[[ Task material open ]]

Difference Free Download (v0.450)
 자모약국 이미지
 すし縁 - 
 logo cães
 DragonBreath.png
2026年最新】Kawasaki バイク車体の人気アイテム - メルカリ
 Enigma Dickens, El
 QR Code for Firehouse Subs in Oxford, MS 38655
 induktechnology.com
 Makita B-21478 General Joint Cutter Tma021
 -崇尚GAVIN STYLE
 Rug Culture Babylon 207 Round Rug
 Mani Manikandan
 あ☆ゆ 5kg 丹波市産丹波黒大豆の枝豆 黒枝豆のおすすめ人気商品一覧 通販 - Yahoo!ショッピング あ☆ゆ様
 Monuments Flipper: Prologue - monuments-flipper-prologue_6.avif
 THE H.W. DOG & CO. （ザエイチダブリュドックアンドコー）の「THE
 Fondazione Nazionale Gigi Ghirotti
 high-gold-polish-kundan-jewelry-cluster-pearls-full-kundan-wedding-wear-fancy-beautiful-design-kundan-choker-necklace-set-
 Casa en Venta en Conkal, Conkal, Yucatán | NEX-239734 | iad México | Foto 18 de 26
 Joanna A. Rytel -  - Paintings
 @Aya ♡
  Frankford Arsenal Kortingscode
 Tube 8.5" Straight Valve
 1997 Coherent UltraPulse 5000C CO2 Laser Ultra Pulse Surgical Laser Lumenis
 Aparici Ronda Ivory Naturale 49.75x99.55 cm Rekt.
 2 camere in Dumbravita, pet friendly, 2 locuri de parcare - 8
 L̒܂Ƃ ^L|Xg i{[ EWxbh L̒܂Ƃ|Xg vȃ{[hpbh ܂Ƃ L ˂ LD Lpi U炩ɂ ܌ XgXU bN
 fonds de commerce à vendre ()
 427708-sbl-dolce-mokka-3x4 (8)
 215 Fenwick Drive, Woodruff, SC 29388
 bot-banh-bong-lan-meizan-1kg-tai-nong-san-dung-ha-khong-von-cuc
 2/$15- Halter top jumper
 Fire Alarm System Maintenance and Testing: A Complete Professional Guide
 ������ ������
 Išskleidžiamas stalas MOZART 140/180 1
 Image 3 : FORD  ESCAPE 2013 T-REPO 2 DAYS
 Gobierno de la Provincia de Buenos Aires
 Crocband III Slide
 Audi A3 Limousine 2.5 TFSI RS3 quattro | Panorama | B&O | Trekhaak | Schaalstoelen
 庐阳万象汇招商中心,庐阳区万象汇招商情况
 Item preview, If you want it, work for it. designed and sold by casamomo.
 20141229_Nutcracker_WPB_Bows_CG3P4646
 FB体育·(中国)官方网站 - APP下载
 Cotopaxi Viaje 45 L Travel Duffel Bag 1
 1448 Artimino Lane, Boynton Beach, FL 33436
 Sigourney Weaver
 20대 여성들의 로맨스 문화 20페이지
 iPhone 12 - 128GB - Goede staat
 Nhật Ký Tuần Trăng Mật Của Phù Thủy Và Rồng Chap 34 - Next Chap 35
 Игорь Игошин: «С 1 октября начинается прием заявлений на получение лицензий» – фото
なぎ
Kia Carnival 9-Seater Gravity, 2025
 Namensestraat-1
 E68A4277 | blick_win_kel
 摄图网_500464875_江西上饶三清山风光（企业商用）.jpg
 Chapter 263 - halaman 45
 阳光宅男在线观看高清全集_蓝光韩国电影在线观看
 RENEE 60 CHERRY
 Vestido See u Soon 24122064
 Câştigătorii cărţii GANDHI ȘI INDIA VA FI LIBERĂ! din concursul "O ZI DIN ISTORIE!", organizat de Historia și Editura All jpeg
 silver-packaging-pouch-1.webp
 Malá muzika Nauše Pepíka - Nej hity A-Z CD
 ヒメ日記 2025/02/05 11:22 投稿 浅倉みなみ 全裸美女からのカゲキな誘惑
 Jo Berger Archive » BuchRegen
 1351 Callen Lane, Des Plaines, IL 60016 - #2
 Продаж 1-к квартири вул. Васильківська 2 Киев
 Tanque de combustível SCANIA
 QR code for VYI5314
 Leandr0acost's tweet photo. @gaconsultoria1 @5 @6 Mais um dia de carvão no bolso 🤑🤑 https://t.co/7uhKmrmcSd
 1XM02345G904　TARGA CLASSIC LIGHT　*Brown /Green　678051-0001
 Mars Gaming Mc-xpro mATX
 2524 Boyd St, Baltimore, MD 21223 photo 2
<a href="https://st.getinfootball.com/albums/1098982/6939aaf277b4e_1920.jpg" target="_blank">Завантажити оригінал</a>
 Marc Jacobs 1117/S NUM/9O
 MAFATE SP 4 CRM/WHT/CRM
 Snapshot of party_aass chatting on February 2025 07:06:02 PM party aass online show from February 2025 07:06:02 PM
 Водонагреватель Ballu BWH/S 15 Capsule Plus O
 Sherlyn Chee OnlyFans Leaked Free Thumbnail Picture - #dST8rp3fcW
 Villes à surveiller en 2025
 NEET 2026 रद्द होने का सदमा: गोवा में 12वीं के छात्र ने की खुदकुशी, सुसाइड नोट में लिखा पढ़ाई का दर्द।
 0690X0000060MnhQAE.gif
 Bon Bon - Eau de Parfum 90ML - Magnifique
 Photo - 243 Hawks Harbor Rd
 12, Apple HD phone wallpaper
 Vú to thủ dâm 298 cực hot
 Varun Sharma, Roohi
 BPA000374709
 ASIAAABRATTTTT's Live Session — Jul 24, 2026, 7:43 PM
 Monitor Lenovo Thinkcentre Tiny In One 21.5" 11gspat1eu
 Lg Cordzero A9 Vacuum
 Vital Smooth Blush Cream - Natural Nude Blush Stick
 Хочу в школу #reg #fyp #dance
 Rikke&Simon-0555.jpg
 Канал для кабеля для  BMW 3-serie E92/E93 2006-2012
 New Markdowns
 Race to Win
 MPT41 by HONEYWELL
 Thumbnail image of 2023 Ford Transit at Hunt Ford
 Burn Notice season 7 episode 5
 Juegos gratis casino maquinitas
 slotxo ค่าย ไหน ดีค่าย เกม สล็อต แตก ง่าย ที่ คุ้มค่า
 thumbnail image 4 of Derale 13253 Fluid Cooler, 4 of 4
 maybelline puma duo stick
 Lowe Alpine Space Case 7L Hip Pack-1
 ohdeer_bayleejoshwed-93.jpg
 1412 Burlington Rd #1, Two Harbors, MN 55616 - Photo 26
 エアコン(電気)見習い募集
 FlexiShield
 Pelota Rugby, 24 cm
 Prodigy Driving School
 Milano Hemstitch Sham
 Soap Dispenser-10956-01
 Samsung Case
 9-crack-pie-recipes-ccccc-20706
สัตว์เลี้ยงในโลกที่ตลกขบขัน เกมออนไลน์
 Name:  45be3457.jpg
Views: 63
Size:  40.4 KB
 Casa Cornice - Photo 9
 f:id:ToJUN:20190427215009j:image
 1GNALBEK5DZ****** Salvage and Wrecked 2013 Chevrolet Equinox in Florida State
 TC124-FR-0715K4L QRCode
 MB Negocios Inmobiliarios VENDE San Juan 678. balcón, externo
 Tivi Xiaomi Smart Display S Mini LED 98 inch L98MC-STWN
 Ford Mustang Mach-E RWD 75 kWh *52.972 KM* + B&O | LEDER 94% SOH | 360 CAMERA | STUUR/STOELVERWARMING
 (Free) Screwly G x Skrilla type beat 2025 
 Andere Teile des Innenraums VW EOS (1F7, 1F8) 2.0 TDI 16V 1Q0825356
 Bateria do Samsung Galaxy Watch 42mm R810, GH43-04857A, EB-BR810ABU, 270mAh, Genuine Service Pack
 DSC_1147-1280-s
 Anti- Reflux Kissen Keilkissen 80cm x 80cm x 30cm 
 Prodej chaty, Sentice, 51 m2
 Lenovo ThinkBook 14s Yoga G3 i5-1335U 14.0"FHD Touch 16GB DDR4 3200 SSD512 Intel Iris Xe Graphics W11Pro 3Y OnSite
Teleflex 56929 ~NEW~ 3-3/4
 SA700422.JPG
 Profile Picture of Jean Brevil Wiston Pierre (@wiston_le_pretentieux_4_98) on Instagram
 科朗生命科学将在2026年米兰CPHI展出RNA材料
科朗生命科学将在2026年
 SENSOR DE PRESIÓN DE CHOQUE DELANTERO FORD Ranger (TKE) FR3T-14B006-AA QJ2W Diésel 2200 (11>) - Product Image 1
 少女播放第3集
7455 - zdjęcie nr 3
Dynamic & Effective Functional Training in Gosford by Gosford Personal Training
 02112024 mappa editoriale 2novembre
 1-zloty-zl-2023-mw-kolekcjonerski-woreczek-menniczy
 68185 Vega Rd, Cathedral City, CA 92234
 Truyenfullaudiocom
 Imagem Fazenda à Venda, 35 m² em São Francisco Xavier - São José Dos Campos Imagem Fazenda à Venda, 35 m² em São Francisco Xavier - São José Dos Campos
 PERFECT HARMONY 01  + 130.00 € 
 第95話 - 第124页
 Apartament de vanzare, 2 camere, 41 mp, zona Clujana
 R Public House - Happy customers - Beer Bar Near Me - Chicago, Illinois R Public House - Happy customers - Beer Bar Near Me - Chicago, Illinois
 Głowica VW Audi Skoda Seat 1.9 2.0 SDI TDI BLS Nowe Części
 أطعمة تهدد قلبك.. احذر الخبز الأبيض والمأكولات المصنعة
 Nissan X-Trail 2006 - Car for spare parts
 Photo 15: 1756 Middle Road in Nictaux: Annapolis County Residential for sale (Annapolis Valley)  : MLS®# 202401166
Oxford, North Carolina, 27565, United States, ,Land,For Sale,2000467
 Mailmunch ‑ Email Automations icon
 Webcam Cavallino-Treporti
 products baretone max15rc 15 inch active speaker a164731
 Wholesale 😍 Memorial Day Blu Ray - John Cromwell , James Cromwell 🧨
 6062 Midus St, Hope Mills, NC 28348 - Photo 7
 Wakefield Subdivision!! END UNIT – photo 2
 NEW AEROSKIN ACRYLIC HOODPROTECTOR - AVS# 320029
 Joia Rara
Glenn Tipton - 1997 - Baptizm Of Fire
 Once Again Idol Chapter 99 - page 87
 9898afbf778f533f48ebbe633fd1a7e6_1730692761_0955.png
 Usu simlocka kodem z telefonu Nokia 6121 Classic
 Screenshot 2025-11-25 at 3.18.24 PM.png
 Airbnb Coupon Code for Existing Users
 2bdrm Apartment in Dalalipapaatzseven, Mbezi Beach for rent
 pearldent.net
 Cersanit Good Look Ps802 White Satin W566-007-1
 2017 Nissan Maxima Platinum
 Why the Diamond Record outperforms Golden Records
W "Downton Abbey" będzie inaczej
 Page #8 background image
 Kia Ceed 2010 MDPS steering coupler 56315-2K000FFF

[[ Task material closed ]]

[Exercise directions] Write out again, exactly, the lines from the start of the entries up to and including the one with "Mani Manikandan". Nothing else belongs in the reply.

[Solution to the exercise]
Difference Free Download (v0.450)
 자모약국 이미지
 すし縁 - 
 logo cães
 DragonBreath.png
2026年最新】Kawasaki バイク車体の人気アイテム - メルカリ
 Enigma Dickens, El
 QR Code for Firehouse Subs in Oxford, MS 38655
 induktechnology.com
 Makita B-21478 General Joint Cutter Tma021
 -崇尚GAVIN STYLE
 Rug Culture Babylon 207 Round Rug
 Mani Manikandan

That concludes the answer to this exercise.